In 1955, Mme. Hélène Rochas became a widow at only 28 years of age and assumed the helm of this eponymous house. It was she for whom Marcel Rochas had commissioned his wedding present, the Edmond Roudnitska parfum Femme. Madame Rochas was looking to add a new fragrance to the brand, one with a broader appeal than Femme. Aldehydic florals were very popular during this time frame, especially Chanel No.5 and Lanvin Arpège; Hélène enlisted Guy Robert, a choice she would not regret. Who can say why? Perhaps his stellar work on 1955’s Doblis (original) was pivotal to this decision; it certainly would have been for me.
Vintage ad circa 1967
While many have described Madame Rochas as a Grande Dame, she was wildly popular with young women as well as the more mature set. My first encounter with her was in the summer of 1968, when I was a nature counselor at a sleep-away camp financed by the Fresh Air Fund; they employed international counselors who were much older than the rest of us. My big brother and I became friendly with most of them, inviting them to stay at our house on their days off (to eat, sleep, play, do their laundry). Oh, those magnificent Dutch, Swedish, and Belgian girls, 22 years old or more! They all wafted Madame Rochas that summer; it was a joy to float in their fragrant orbit – so elegant, soignée, completely Feminine. All the attributes to which an awkward tomboy aspired. My brother was hopelessly smitten, and I couldn’t blame him; besides these women’s youthful beauty, their sillage was intoxicating, sparkling.

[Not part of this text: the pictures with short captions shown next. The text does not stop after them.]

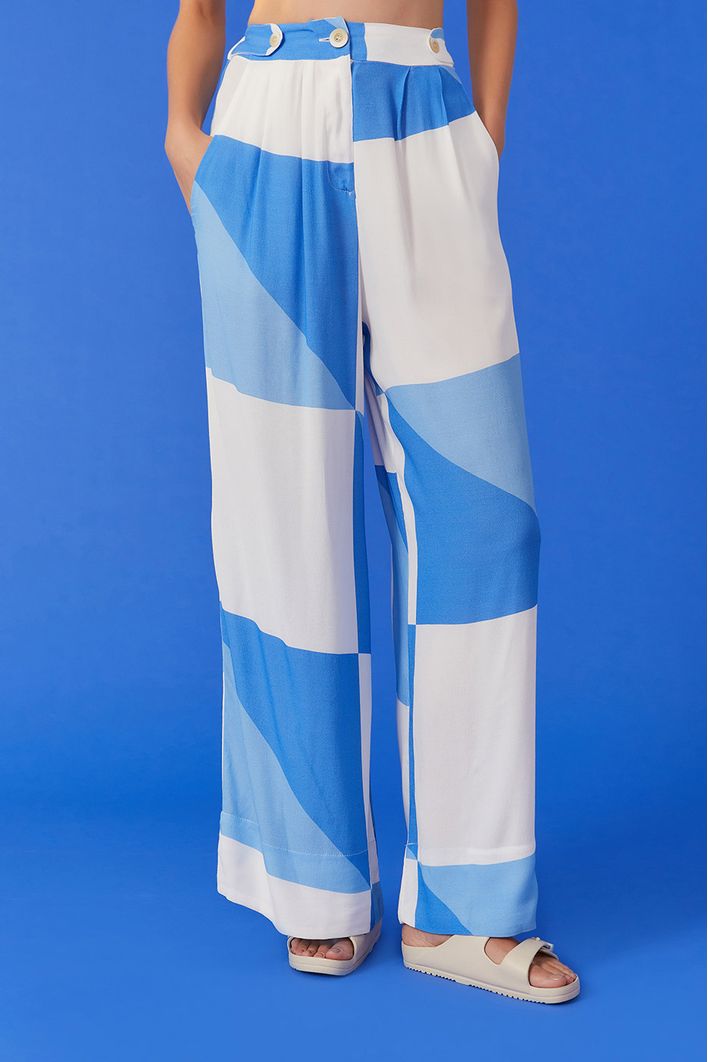 Calça Estampa Veleiro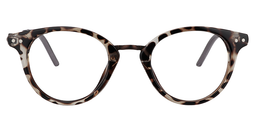 Benton Round Dark Tortoise Glasses0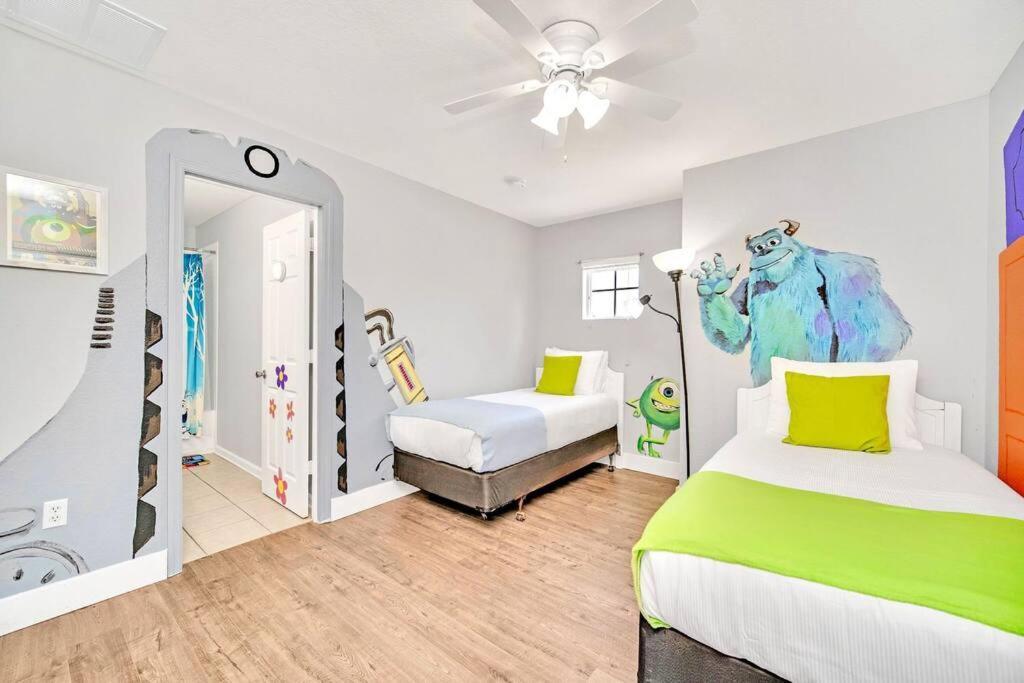 Guardians Theater 5Br Home Resort W Pool Hot Tub Orlando Exterior foto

“We are like painters: some use simple colors, others prefer sophisticated ones. It’s the result that matters” . ~ Guy Robert, Les Sens du Parfum
Vintage Madame Rochas Ad 1981-2
For many young women in the 60s and 70s, Madame Rochas was a go-to perfume which possessed symphonic beauty and equipoise. You didn’t have to work at it; the fragrance was delightful, and never bombastic or intrusive. Always the right thing at any given time or occasion during this era of signature fragrances: twinkling aldehydes winked at the top, followed by an immense bouquet of soothing, effusive, and indolic blooms kissed with green. Madame Rochas developed in an exceptional fashion, eventually settling into a perfectly balanced base in which precious woods commingled with vetiver, musk, a drop of amber and resin, and the murky depths of oakmoss. That was then, and this is now. The fragrance has since been reformulated several times, and these days appears a bit more shrill and flat, with a brassy metallic edge which some may find off-putting. As often happens, Madame Rochas has become more linear, with less evolution; it is still pretty, but not as distinctive or nuanced as it once was.
Madame Rochas 1982 (reformulation)
Changing attitudes accompany changing times, and it can no longer be assumed that men cannot wear this fragrance merely because of its name. That would be akin to discouraging women from wearing such Guy Robert treasures as Équipage or Monsieur Rochas – two absolute [sic] favorites of mine which also suit every occasion and mood. Pure nonsense. Wear Madame Rochas (you can find it at The Fragrance Vault here) because you are radiant, suavely approachable, and charming. That should be reason enough.
Notes: aldehydes, bergamot, lemon, hyacinth, neroli, broom, orange blossom, galbanum, green notes, rose de mai, Bulgarian rose, lily of the valley, jasmine, orris, ylang ylang, violet, narcissus, tuberose, sandalwood, cedarwood, amber, vetiver, musk, tonka bean, benzoin, oakmoss, coumarin
Bottle is from my own collection. My nose is my own…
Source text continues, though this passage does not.